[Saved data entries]
########

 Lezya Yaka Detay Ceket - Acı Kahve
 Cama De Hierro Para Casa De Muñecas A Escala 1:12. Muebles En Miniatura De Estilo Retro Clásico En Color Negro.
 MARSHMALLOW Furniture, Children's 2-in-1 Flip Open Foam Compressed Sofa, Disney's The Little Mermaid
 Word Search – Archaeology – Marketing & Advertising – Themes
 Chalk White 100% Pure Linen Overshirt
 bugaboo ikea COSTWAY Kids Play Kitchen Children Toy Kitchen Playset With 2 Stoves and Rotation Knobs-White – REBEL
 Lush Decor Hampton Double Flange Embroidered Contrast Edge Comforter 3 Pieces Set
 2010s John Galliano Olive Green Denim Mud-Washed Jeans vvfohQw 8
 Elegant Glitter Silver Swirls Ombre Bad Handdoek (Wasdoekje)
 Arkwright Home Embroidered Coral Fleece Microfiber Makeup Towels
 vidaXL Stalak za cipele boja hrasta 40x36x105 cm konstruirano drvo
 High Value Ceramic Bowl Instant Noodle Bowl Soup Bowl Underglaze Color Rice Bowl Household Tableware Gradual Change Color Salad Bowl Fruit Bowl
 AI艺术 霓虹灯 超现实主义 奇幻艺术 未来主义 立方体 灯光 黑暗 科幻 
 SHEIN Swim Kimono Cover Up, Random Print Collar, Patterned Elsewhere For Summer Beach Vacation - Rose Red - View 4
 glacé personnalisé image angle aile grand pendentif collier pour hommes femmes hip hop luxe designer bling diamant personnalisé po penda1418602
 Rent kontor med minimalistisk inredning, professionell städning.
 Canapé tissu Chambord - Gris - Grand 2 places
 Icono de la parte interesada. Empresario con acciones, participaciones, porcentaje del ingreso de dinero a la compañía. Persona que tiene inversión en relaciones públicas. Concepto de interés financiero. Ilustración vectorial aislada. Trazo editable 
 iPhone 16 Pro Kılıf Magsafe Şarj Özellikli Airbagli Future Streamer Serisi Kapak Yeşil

########

TASK PROMPT:
Go through the data above and copy each line that holds the word "White".

RESPONSE TO THIS TASK:
 Chalk White 100% Pure Linen Overshirt
 bugaboo ikea COSTWAY Kids Play Kitchen Children Toy Kitchen Playset With 2 Stoves and Rotation Knobs-White – REBEL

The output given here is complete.